_PROBLEM TO SOLVE:_
Every record below must be returned exactly as it was received.

_DATA FOR PROCESSING:_
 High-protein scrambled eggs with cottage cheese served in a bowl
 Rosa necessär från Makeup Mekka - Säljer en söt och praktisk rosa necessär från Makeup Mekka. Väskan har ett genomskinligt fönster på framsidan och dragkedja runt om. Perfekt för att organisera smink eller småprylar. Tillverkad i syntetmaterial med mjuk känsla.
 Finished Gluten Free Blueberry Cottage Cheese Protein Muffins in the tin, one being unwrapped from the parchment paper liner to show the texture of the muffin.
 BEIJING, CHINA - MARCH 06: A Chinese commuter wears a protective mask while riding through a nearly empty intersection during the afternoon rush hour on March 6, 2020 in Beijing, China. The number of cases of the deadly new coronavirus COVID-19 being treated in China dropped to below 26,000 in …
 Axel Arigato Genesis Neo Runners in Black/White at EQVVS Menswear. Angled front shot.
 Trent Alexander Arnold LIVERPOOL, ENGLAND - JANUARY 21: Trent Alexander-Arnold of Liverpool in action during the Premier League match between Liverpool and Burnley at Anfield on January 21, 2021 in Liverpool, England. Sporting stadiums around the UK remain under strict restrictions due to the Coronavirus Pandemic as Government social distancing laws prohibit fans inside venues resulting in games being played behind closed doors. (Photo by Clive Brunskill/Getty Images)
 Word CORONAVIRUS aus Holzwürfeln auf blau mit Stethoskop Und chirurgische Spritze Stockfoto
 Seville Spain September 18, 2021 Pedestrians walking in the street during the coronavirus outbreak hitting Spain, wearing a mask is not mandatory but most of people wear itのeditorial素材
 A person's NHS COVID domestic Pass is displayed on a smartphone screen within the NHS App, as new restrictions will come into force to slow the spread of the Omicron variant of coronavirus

_TASK RESPONSE:_
 High-protein scrambled eggs with cottage cheese served in a bowl
 Rosa necessär från Makeup Mekka - Säljer en söt och praktisk rosa necessär från Makeup Mekka. Väskan har ett genomskinligt fönster på framsidan och dragkedja runt om. Perfekt för att organisera smink eller småprylar. Tillverkad i syntetmaterial med mjuk känsla.
 Finished Gluten Free Blueberry Cottage Cheese Protein Muffins in the tin, one being unwrapped from the parchment paper liner to show the texture of the muffin.
 BEIJING, CHINA - MARCH 06: A Chinese commuter wears a protective mask while riding through a nearly empty intersection during the afternoon rush hour on March 6, 2020 in Beijing, China. The number of cases of the deadly new coronavirus COVID-19 being treated in China dropped to below 26,000 in …
 Axel Arigato Genesis Neo Runners in Black/White at EQVVS Menswear. Angled front shot.
 Trent Alexander Arnold LIVERPOOL, ENGLAND - JANUARY 21: Trent Alexander-Arnold of Liverpool in action during the Premier League match between Liverpool and Burnley at Anfield on January 21, 2021 in Liverpool, England. Sporting stadiums around the UK remain under strict restrictions due to the Coronavirus Pandemic as Government social distancing laws prohibit fans inside venues resulting in games being played behind closed doors. (Photo by Clive Brunskill/Getty Images)
 Word CORONAVIRUS aus Holzwürfeln auf blau mit Stethoskop Und chirurgische Spritze Stockfoto
 Seville Spain September 18, 2021 Pedestrians walking in the street during the coronavirus outbreak hitting Spain, wearing a mask is not mandatory but most of people wear itのeditorial素材
 A person's NHS COVID domestic Pass is displayed on a smartphone screen within the NHS App, as new restrictions will come into force to slow the spread of the Omicron variant of coronavirus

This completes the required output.